After a pair of disappointing results on the world stage, there’s a changing of the guard at Hockey Canada.
On Tuesday, the organization announced that head coach Troy Ryan and general manager Gina Kingsbury will not return to the Canadian National Women’s Team for the 2026-27 season.jjm
In a statement, Hockey Canada president and CEO Katherine Henderson stated how grateful the organization is for Ryan and Kingsbury’s efforts over the past several years.
“Hockey Canada is extremely grateful for the commitment, passion and expertise that Gina and Troy displayed each time they represented Canada with our National Women’s Team,” Henderson said. “We cannot thank them both enough for providing world-class treatment to our women’s hockey program and exemplifying what it means to be a leader on the international stage.”
The announcement comes just over three months after Canada fell short of winning a second straight gold medal at the Winter Olympics, losing the championship game in overtime to the rival United States in Milan.
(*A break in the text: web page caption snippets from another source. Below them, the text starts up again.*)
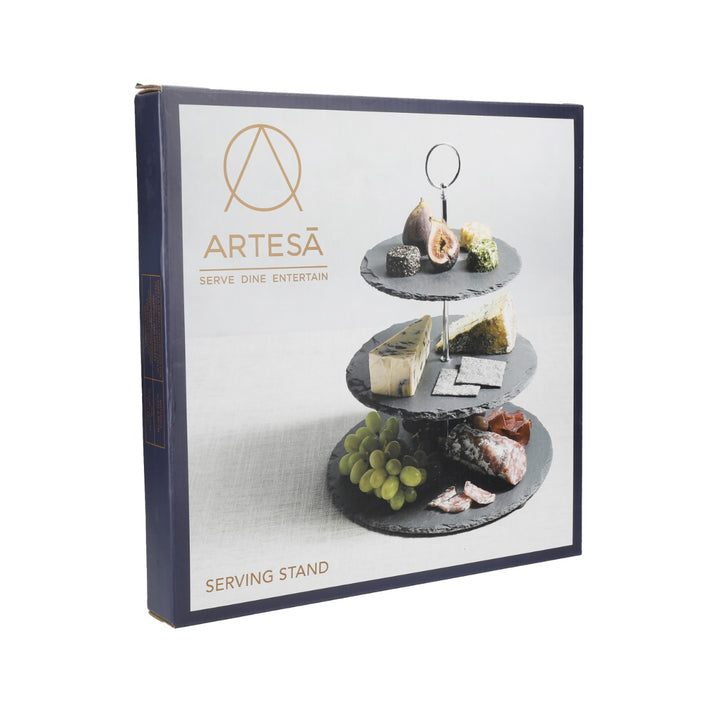 Artesà Slate Three-Tier Round Serving Stand
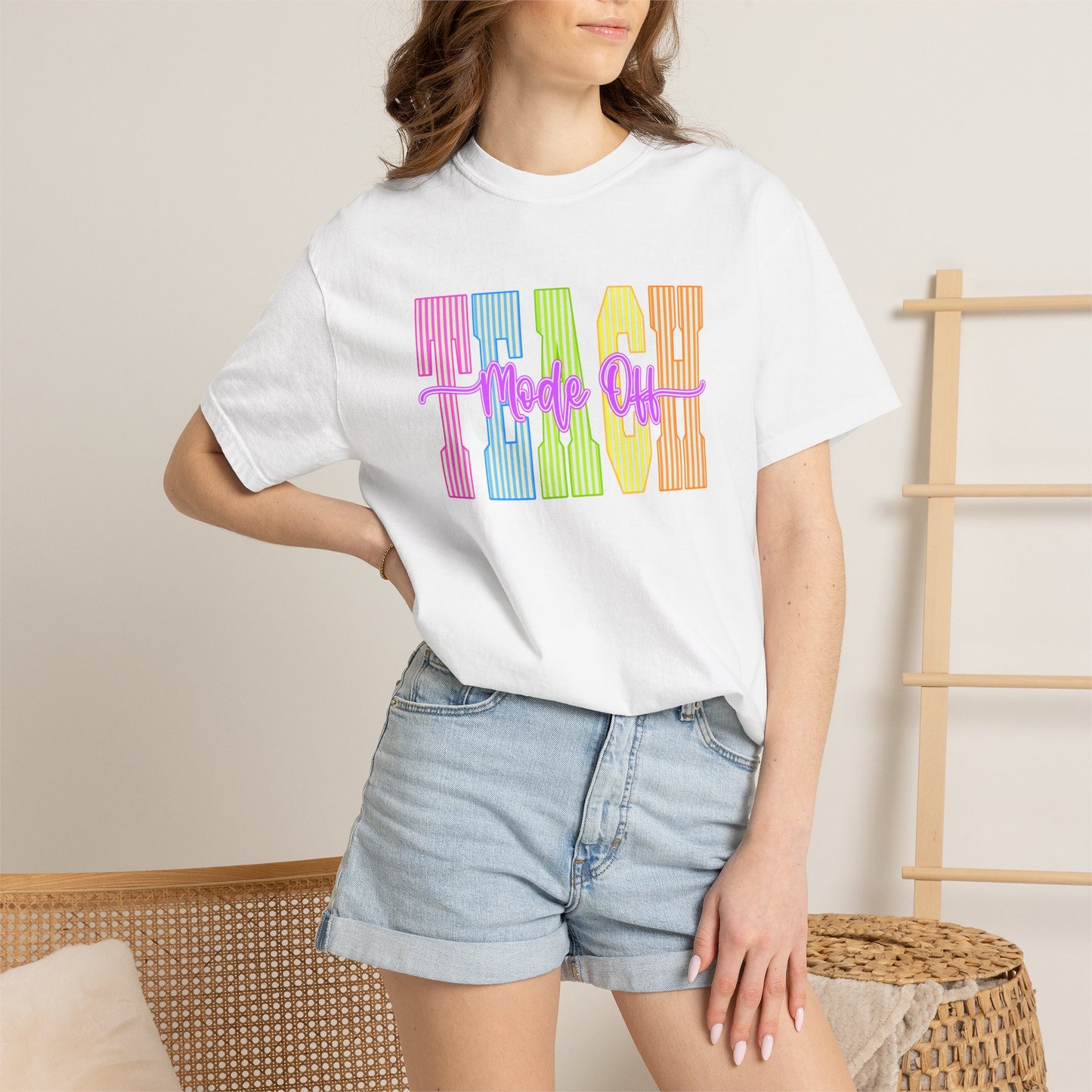 Peace Vibes Rainbow Graphic T-Shirt — 'Peace Out' Retro Stripe Tee - Comfort Colors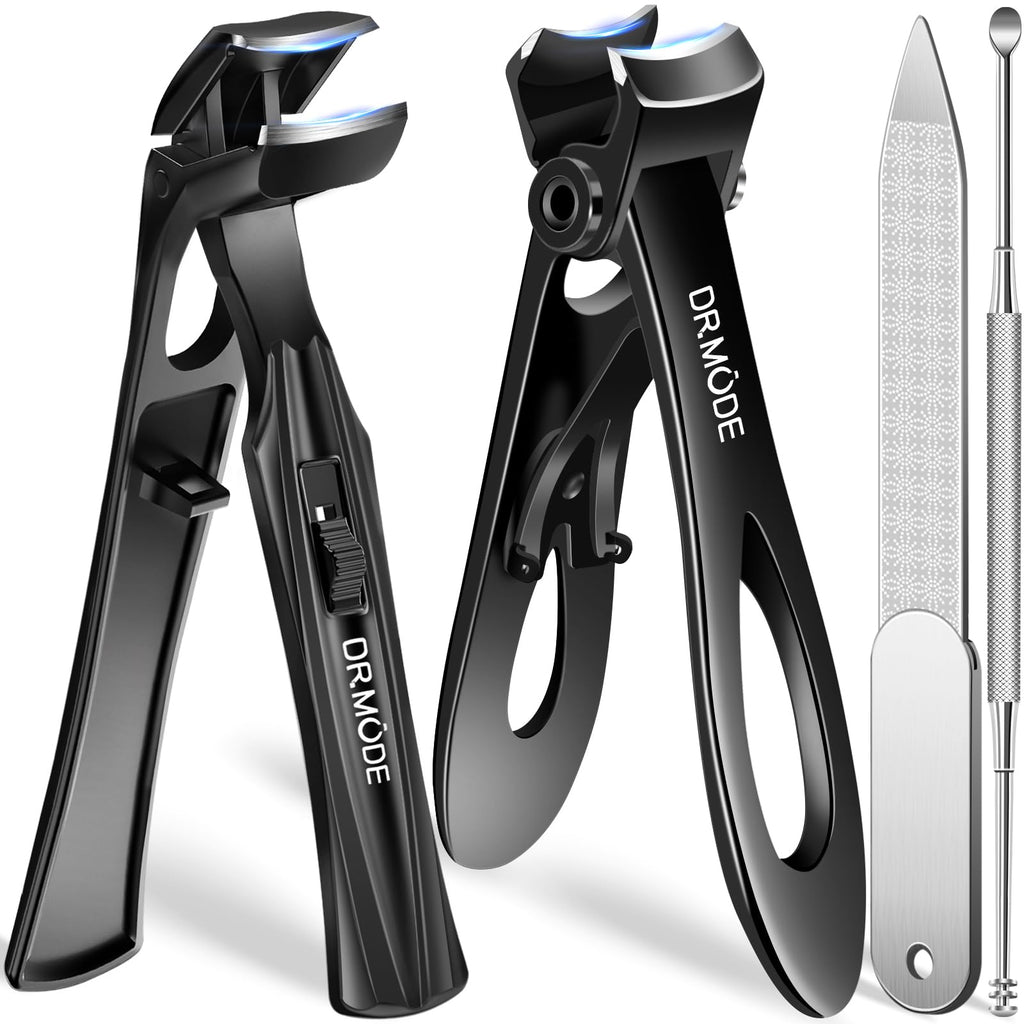 Toenail Clippers for Thick Toenails for Seniors, Angled Head Long Handled Toe Nail Clippers for Men with Wide Jaw Opening, Heavy Duty Large Finger Nail Clippers Adult Cutter with Catcher, Black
It was the culmination of 10 months of failure by the teams Ryan and Kingsbury had put together. The Canadians lost both games to the U.S. at the 2025 IIHF Women’s World Championship, before being embarrassed in the four-game Rivalry Series late last year. Paired up with two defeats at the Winter Games, including a 5-0 decimation in the round-robin, questions about the duo’s ability to run the program came into question.
Ryan had been the head coach of the national team since 2020 after serving for a couple of years as an assistant. He helped the team get out of some dark times, guiding the team to three world champions and gold at the 2022 Beijing Olympics. Kingsbury had been part of the team’s hockey operations since the 2018-19 season, serving as GM prior to the 2024 Women’s Worlds. The criticism for their roster construction came as they continued to rely on aging veterans, while the United States had managed to utilize younger talent – like Caroline Harvey, Laila Edwards and Abbey Murphy – to carry the program to two of the past three world championships and this year’s Olympics.
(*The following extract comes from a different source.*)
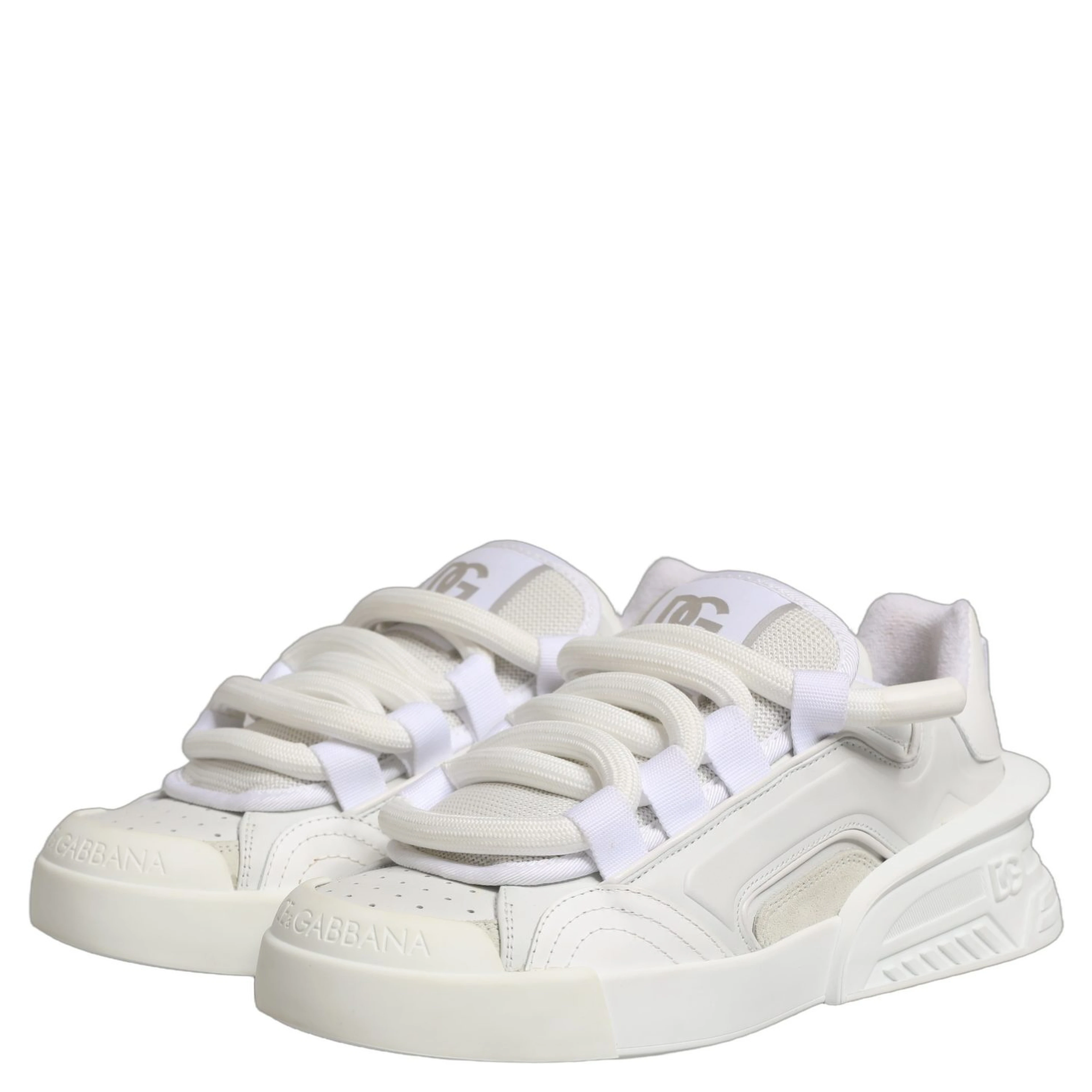 White Calfskin Leather Low Top Sneakers Shoes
The search for a new GM is underway, with the successor tasked with finding the program’s next head coach. Hockey Canada is certainly working under a deadline, as the 2026 Women’s Worlds in Denmark is set to begin on Nov. 6.
Ryan and Kingsbury aren’t totally out of work. Kingsbury remains the GM of the PWHL’s Toronto Sceptres, while Ryan was hired last week as the new head coach and GM of the expansion franchise in San Jose.